This week marks the six-month anniversary of Arizona's Yarnell Hill Fire, the deadliest day for firefighters since the September 11 terrorist attacks. Nineteen members of the Granite Mountain Hotshots died during the incident.
Commemorating the June 30 event is The Weather Channel, which has developed the documentary and long-form article, "America Burning: The Yarnell Hill Tragedy and the Nation's Wildfire Crisis." The video recaps radio communication from the team the day of the fire and includes fresh interviews with fire historians, meteorologists, fire investigators, and widows of the men who lost their lives. Also providing his take on U.S. wildfires in recent years is Stephen Pyne, who is regarded as one of the world's leading experts in the environmental history of fire. (Read the NFPA Journal interview with Pyne.)

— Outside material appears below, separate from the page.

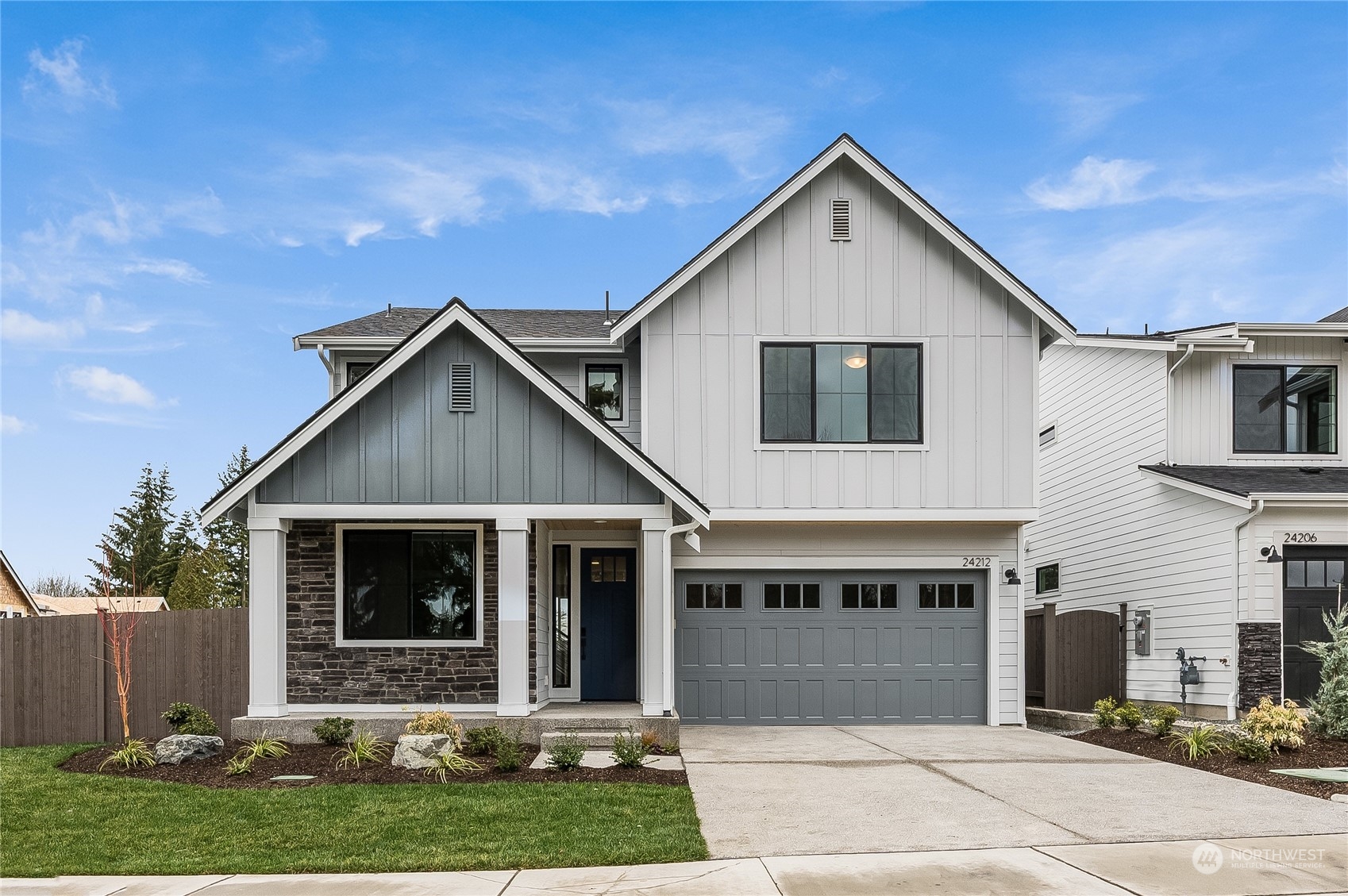 4439 244th Street Southeast Bothell, WA 98021 - Photo 1 of 29 a front view of a house with a yard and garage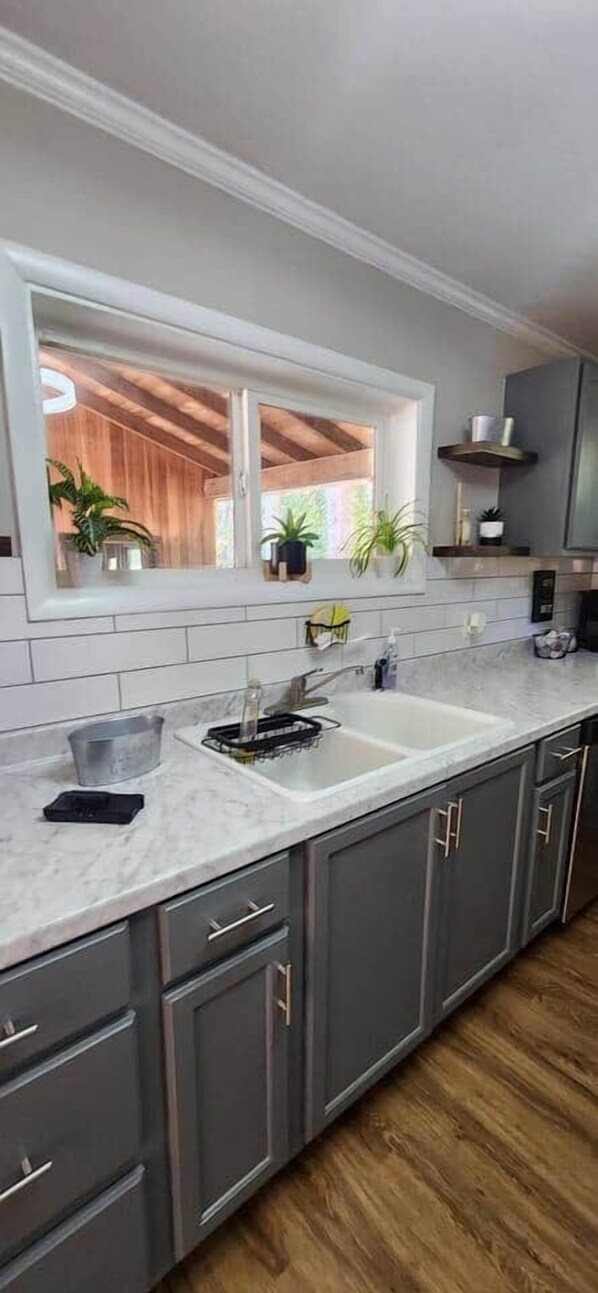 A modern kitchen with grey cabinets, a white countertop, and a large window above the sink.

"The way you control fire is by controlling what is out there," Pyne says in the documentary. "So, we're going to have a lot more fires in the landscape unless you take control of the landscape itself." The long-form article mentions NFPA's Firewise Communities Program, which encourages homeowners living in the wildland/urban interface (WUI) to mitigate their wildfire risks.
The article also raises larger questions on the state of wildfires in the U.S., the role of climate change, and the current challenges of living in the WUI. "We can't rest on our laurels anymore," says meteorologist Mike Bettes in the video. "We're getting to a point where these events have become so extreme. [The Yarnell Hill Fire] is a call to action."